Jika melihat kasus diatas lagi, para pelaku tidak termasuk dalam pengecualian yang dimaksud dalam pasal 44 KUHP diatas. Para pelaku tidak mengalami gangguan psikis, tidak mengalami cacat mental sejak pertubuhannya dan juga tidak mengalami gangguan jiwa seperti gila, epilepsy dan lain sebagainya.
Unsur kesalahan yang ada dalam perbuatan pelaku dalam kasus diatas jelas mencakup tiga unsur yang ada dalam landasan teori, yaitu pertanggungjawaban, adanya hubungan batin perbuatan dengan pelaku perbuatan dan tidak adanya alasan penghapusan pidana. Perbuatan yang dilakukan telah dianggap merugikan orang lain, sehingga patut untuk dipidana karena perbuatan merugikan orang lain tersebut. Salah satu teori pemidanaan yang dikanal adalah teori pembalasan yaitu kejahatan itu menimbulkan ketidakadilan, maka harus dibalas denga ketidakadilan pula (Immanuel Kant).
Ancaman pidana dalam kasus ini, pelaku dapat dijerat dengan pasal 365 tengang pencurian yang juga mengakibatkan kematian dari pihak korban. Bisa saja pada awalnya para perampok tidak berniat membunuh ketiga orang yang terdiri dari dua orang pemilik emas dan pembantunya tersebut, namun karena dianggap menghambat aksi mereka maka dibunuhlah ketiga orang tersebut. Kasus perampokan diatas dapat dikenai hukuman pidana mati atau pidana penjara seumur hidup atau selama waktu tertentu paling lama dua puluh tahun.
Pasal 365 :
Ayat (1) diancam dengan pidana penjara paling lama Sembilan tahun pencurian yang didahului, disertai atau diikuti dengan kekerasan atau ancaman kekerasan, terhadap orang dengan maksud untuk mempersiapkan atau mempermudan pencurian atau dalam hal tertangkap tangan, untuk memungkinkan melarikan diri sendiri atau peserta lainnya atau untuk tetap menguasai barang yang dicuri.
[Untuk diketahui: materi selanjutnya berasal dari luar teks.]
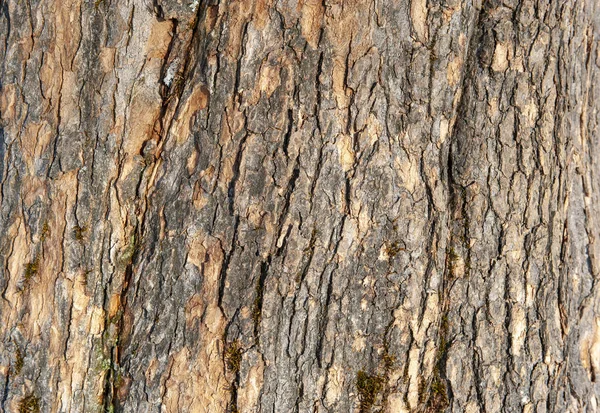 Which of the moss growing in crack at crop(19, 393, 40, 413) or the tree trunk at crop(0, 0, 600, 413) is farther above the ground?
the tree trunk at crop(0, 0, 600, 413)

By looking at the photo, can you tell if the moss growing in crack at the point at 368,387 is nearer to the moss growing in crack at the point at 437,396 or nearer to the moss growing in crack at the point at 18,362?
the moss growing in crack at the point at 437,396

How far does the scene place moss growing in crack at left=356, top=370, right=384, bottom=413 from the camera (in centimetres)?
226

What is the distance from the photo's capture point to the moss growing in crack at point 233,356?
7.32 ft

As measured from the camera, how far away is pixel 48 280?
2.26m

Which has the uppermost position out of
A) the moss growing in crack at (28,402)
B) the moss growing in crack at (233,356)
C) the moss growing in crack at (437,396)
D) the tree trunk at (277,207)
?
the tree trunk at (277,207)

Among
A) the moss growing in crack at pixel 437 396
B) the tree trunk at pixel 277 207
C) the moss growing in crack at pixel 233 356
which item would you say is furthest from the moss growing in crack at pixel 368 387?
the moss growing in crack at pixel 233 356

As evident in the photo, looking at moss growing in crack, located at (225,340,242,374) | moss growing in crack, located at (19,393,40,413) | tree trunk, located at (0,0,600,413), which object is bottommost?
moss growing in crack, located at (19,393,40,413)

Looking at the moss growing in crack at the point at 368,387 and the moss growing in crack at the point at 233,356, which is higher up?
the moss growing in crack at the point at 233,356

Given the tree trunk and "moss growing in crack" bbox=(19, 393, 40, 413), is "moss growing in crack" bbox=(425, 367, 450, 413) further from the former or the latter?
"moss growing in crack" bbox=(19, 393, 40, 413)

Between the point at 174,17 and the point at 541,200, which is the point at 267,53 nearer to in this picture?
the point at 174,17

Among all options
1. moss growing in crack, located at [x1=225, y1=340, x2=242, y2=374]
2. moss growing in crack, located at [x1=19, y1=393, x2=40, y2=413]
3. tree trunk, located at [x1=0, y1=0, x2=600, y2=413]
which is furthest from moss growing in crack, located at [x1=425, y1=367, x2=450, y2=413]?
moss growing in crack, located at [x1=19, y1=393, x2=40, y2=413]

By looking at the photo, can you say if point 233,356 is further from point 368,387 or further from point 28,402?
point 28,402

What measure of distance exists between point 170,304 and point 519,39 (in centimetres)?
152

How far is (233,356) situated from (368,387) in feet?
1.53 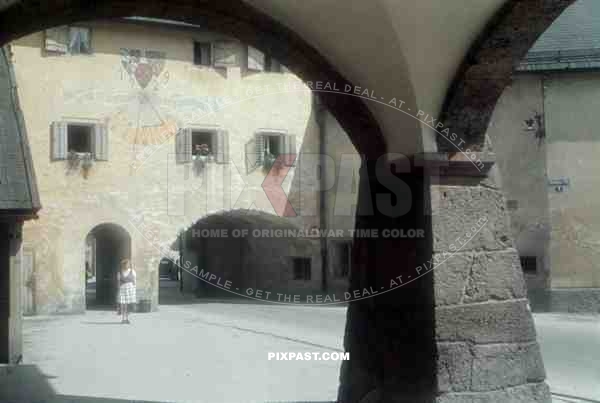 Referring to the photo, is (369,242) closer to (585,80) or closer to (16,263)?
(16,263)

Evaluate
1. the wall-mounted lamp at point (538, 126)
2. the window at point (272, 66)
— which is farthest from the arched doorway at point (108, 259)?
the wall-mounted lamp at point (538, 126)

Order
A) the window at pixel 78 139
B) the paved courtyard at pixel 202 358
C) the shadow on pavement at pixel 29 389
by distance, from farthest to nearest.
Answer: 1. the window at pixel 78 139
2. the paved courtyard at pixel 202 358
3. the shadow on pavement at pixel 29 389

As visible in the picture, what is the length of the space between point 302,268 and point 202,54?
5.90 m

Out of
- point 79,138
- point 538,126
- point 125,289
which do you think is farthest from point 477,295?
point 79,138

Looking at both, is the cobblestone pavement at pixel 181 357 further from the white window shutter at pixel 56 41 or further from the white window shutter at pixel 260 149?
the white window shutter at pixel 56 41

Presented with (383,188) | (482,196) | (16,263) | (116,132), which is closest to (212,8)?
(383,188)

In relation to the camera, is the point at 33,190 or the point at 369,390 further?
the point at 33,190

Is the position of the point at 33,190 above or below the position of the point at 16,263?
above

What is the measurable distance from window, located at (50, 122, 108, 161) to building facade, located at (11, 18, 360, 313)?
0.07 feet

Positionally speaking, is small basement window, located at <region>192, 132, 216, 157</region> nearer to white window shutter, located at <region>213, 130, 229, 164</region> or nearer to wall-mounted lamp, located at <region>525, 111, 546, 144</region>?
white window shutter, located at <region>213, 130, 229, 164</region>

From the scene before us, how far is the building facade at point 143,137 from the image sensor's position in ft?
53.3

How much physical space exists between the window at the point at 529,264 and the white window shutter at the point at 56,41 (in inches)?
424

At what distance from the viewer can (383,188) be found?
4652 millimetres

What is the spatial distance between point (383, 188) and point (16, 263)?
587 cm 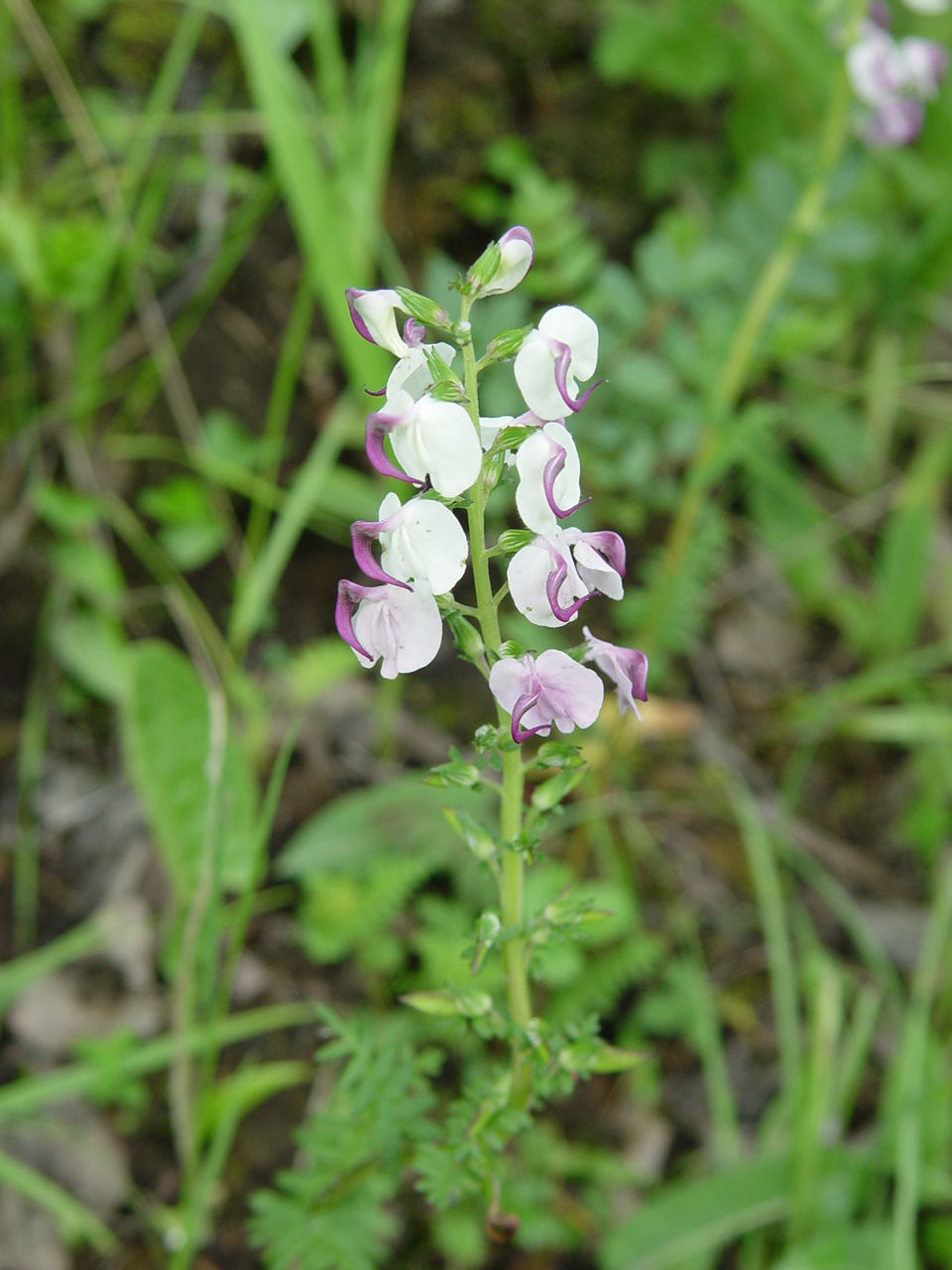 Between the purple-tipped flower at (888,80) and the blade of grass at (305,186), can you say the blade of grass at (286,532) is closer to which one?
the blade of grass at (305,186)

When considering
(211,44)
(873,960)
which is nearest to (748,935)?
(873,960)

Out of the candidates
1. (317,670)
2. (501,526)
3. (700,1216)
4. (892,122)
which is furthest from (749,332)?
(700,1216)

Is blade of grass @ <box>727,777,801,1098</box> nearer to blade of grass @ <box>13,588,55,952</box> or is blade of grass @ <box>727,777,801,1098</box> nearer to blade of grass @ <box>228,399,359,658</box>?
blade of grass @ <box>228,399,359,658</box>

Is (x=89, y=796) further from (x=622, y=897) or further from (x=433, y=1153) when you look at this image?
(x=433, y=1153)

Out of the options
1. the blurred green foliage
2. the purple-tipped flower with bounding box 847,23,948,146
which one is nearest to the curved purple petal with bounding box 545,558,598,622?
the blurred green foliage

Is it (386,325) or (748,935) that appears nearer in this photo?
(386,325)

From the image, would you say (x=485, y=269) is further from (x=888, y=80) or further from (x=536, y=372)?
(x=888, y=80)

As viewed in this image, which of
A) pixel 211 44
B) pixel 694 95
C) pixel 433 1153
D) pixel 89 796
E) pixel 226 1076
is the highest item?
pixel 211 44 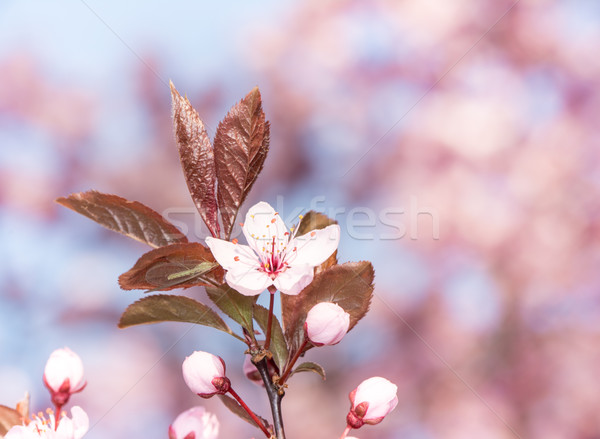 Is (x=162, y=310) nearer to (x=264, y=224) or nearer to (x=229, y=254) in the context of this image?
(x=229, y=254)

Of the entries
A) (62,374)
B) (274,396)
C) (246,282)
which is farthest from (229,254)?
(62,374)

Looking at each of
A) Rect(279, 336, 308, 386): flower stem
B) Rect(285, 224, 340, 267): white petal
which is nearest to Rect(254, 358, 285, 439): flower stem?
Rect(279, 336, 308, 386): flower stem

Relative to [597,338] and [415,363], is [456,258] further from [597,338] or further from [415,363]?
[597,338]

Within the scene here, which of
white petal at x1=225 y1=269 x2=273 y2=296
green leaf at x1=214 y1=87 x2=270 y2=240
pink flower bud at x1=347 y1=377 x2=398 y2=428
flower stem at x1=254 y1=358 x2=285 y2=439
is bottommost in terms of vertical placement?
pink flower bud at x1=347 y1=377 x2=398 y2=428

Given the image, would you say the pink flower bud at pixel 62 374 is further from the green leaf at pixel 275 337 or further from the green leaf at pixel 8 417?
the green leaf at pixel 275 337

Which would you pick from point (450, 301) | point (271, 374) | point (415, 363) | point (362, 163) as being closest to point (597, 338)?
point (450, 301)

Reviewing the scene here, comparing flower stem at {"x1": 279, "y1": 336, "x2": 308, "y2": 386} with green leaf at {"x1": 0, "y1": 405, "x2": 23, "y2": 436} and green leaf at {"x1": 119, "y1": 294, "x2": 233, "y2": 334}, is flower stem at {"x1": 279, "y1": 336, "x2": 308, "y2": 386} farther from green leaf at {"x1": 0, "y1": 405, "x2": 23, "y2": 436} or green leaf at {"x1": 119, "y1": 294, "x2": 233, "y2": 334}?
green leaf at {"x1": 0, "y1": 405, "x2": 23, "y2": 436} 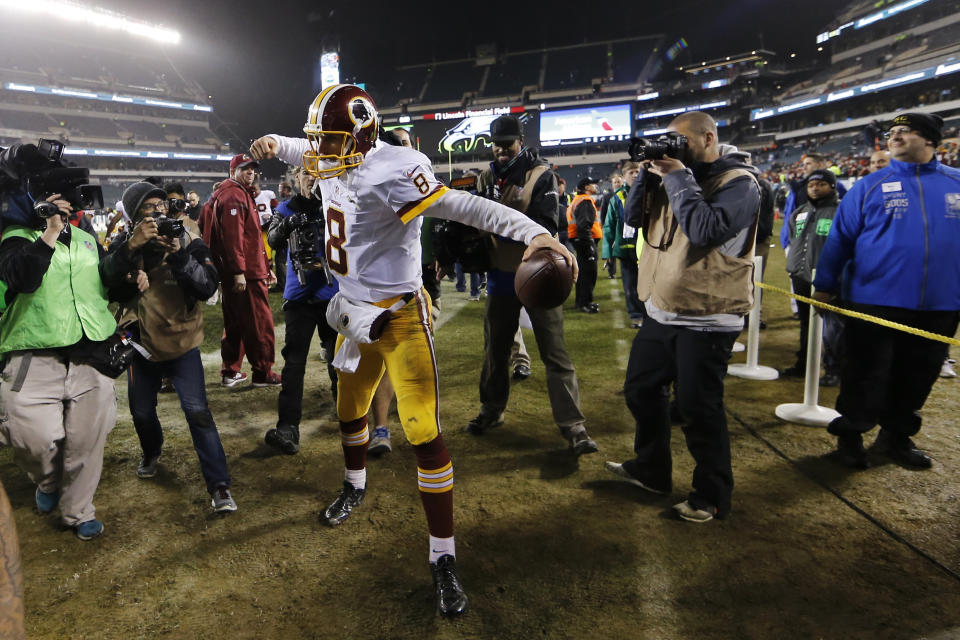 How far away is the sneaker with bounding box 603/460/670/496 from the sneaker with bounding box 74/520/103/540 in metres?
2.95

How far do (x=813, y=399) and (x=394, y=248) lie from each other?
3710mm

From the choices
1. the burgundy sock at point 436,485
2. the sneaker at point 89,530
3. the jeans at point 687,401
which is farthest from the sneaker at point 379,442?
the jeans at point 687,401

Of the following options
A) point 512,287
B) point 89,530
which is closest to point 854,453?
point 512,287

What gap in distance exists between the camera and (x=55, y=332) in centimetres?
271

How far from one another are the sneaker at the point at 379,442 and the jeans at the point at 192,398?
971mm

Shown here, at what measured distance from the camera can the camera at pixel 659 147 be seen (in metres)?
2.54

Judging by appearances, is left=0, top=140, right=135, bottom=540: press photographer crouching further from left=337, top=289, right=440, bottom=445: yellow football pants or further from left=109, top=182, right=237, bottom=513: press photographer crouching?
left=337, top=289, right=440, bottom=445: yellow football pants

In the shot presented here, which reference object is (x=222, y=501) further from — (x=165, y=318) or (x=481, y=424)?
(x=481, y=424)

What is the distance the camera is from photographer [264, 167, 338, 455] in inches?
147

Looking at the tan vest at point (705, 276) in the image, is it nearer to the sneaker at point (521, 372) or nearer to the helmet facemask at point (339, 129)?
the helmet facemask at point (339, 129)

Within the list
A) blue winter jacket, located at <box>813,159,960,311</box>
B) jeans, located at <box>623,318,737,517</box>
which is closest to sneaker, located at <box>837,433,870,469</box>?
blue winter jacket, located at <box>813,159,960,311</box>

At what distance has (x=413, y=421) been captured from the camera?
7.76 feet

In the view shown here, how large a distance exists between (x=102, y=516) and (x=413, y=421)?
6.93ft

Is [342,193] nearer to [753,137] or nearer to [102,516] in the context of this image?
[102,516] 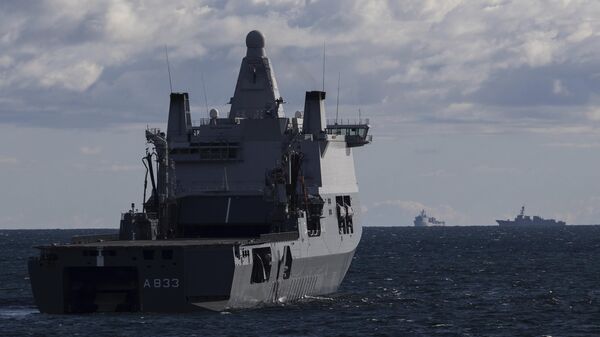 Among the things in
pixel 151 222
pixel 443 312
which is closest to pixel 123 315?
pixel 151 222

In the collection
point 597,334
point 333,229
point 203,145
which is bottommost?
point 597,334

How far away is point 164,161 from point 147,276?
34.7 feet

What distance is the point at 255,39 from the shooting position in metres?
60.6

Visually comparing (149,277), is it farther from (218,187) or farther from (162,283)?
(218,187)

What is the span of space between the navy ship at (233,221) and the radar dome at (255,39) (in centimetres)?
4

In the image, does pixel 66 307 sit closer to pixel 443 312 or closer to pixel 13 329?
pixel 13 329

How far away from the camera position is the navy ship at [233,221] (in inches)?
1738

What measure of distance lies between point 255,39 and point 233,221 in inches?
388

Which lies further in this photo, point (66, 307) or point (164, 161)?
point (164, 161)

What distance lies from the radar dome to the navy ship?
0.15 feet

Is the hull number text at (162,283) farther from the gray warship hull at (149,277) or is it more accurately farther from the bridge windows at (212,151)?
the bridge windows at (212,151)

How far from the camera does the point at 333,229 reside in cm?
5734

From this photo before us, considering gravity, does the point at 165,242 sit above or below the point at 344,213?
below

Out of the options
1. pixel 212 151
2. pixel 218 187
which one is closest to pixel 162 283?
pixel 218 187
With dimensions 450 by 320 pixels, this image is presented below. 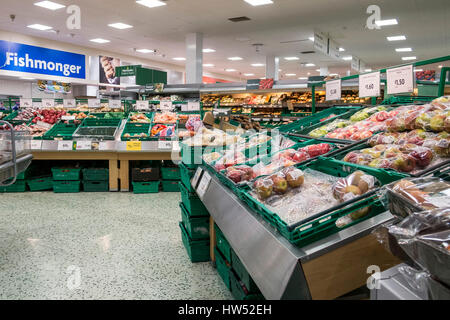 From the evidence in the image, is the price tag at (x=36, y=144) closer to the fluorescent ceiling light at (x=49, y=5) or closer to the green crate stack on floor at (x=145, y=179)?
the green crate stack on floor at (x=145, y=179)

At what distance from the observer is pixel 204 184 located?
2201mm

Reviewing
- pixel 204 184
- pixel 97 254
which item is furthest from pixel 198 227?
pixel 97 254

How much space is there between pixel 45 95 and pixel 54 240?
11.6m

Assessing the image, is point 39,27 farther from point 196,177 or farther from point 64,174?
point 196,177

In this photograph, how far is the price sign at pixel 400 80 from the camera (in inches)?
80.4

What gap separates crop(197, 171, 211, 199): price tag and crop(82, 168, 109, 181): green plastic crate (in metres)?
3.40

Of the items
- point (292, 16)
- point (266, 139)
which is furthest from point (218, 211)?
point (292, 16)

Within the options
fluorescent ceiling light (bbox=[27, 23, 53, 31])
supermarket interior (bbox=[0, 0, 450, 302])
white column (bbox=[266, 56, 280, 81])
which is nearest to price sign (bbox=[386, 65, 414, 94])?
supermarket interior (bbox=[0, 0, 450, 302])

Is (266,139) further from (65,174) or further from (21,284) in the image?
(65,174)

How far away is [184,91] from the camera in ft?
35.7

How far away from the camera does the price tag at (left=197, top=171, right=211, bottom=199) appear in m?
2.13

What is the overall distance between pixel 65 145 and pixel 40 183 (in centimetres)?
73

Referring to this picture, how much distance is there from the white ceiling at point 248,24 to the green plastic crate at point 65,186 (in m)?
4.72

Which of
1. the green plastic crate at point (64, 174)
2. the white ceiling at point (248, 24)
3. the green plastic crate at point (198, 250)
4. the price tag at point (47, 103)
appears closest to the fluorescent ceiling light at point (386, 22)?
the white ceiling at point (248, 24) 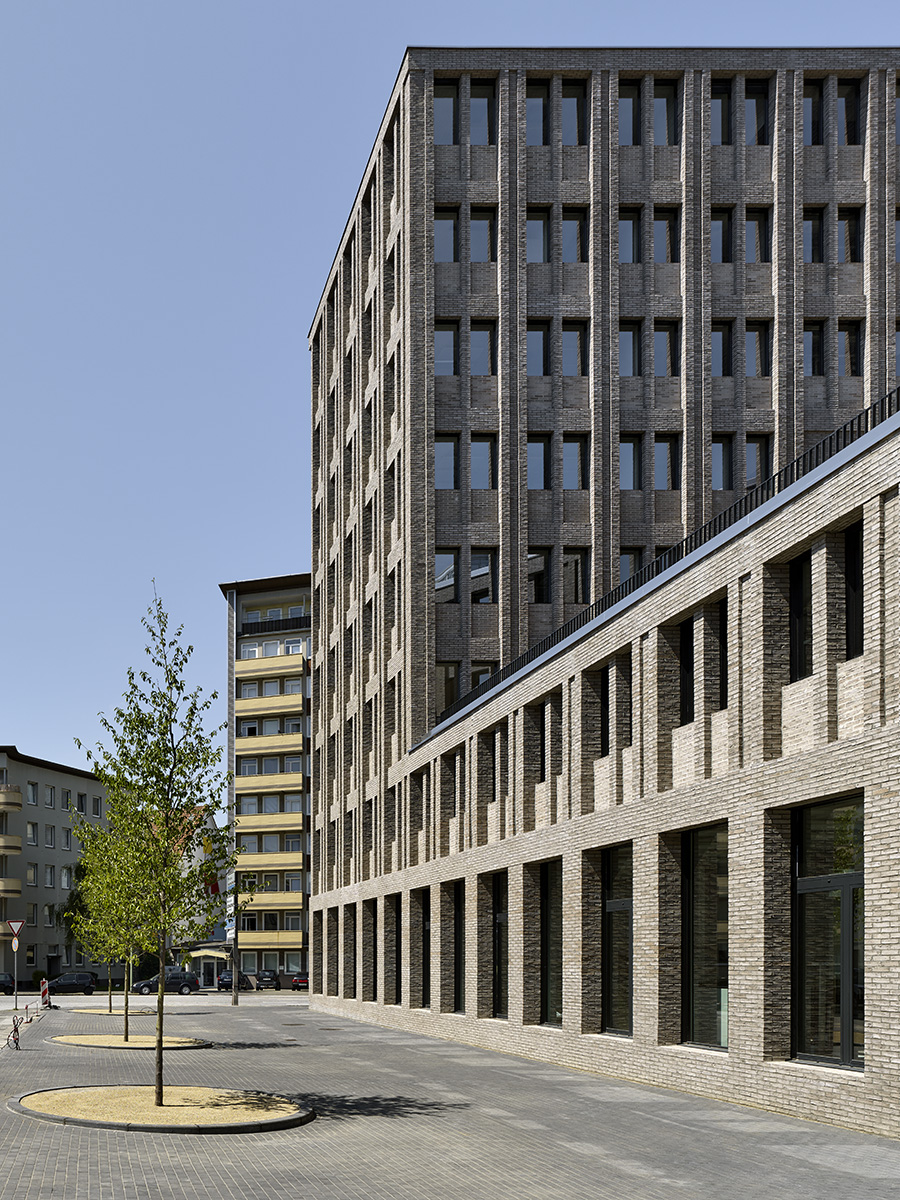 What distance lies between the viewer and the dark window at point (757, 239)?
Answer: 147 feet

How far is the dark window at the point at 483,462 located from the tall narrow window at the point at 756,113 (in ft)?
40.0

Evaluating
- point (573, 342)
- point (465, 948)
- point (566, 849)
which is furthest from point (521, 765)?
point (573, 342)

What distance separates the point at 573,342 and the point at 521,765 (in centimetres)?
1739

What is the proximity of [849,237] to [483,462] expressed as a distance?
13270 millimetres

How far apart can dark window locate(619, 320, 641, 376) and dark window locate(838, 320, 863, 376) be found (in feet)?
20.2

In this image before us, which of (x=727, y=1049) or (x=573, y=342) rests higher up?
(x=573, y=342)

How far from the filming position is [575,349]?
45438mm

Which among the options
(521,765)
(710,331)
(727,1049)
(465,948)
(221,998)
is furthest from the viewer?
(221,998)

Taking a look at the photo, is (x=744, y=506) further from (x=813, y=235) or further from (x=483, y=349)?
(x=813, y=235)

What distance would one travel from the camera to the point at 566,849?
Result: 29281 millimetres

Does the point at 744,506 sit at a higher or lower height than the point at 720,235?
lower

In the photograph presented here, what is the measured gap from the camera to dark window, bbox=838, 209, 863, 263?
44.8 metres

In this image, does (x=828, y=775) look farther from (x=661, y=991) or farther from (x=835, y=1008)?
(x=661, y=991)

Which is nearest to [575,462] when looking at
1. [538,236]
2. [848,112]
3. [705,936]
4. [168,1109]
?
[538,236] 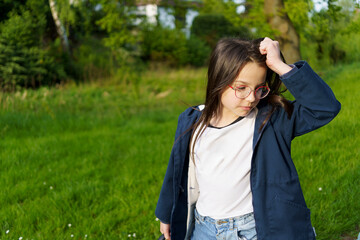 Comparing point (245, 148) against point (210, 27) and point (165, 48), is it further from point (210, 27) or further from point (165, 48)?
point (210, 27)

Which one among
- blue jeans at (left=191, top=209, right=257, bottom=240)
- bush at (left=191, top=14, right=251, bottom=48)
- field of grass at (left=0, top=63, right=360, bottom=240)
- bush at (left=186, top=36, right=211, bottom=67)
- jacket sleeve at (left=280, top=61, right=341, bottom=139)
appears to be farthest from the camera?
bush at (left=191, top=14, right=251, bottom=48)

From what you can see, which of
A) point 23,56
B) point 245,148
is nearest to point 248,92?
point 245,148

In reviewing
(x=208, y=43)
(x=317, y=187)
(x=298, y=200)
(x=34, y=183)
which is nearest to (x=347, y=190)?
(x=317, y=187)

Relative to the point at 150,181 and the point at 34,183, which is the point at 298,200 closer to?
the point at 150,181

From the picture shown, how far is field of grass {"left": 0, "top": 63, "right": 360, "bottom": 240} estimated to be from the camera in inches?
131

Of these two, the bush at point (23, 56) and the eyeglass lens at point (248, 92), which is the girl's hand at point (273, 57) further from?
the bush at point (23, 56)

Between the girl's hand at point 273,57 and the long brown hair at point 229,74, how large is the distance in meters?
0.09

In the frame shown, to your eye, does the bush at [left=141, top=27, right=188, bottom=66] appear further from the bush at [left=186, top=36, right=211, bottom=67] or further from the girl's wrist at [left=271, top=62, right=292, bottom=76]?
the girl's wrist at [left=271, top=62, right=292, bottom=76]

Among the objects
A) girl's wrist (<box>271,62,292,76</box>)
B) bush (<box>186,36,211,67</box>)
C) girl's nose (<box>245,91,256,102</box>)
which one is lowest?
bush (<box>186,36,211,67</box>)

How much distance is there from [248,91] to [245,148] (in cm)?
31

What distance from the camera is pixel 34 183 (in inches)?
167

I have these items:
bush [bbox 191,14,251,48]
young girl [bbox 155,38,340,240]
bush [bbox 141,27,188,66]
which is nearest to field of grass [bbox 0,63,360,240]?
young girl [bbox 155,38,340,240]

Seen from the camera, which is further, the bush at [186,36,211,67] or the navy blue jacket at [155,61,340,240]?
the bush at [186,36,211,67]

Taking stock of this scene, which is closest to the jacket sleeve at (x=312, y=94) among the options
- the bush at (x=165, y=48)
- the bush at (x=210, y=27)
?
the bush at (x=165, y=48)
Ayat (2) Diancam dengan pidana penjara paling lama dua belas tahun :
1. jika perbuatan dilakukan pada waktu malam dalam sebuah rumah atau pekarangan tertutup yang ada rumahnya, di berjalan;
2. jika perbuatan dilakukan oleh dua orang atau lebih dengan bersekutu;
3. jika masuk ke tempat melakukan kejahatan dengan merusak atau memanjat atau dengan memakai anak kunci palsu, periniah palsu atau pakaian jabatan palsu.
4. jika perbuatan mengakibatkan luka-luka berat.
Ayat (3) Jika perbuatan mengakibatkan kematian maka diancam dengan pidana penjara paling lama lima belas tuhun.
Ayat (4) Diancam dengan pidana mati atau pidana penjara seumur hidup atau selama waktu tertentu paling lama dua puluh tahun, jika perbuatan mengakihntkan luka berat atau kematian dan dilakukan oleh dua orang atau lebih dengan bersekutu, disertai pula oleh salah satu hal yang diterangkan dalam no. 1 dan 3.

Kasus diatas bukan merupakan kasus perampokan murni karena terdapat juga tindak pidana pembunuhan, sehingga sanksi pidana yang dijatuhkan dapat berupa sanksi maksimal. Perampokan tersebut telah memenuhi unsur dalam pasal 365 KUHP sebagaimana termaktub diatas. Ayat (1) pasal 365 KHUP telah jelas dilanggar, ayat (2) poin 2, dan ayat (3) yang menyebabkan kematian. Sedangkan untuk ayat (4) yang disertai oleh salah satu atau keduanya dalam pion 1 dan 3 ayat (2) tidak terpenuhi.
Hukuman yang dapat dijatuhkan kepada para pelaku menurut penulis dapat berupa pidana penjara maksimal, yaitu 15 tahun.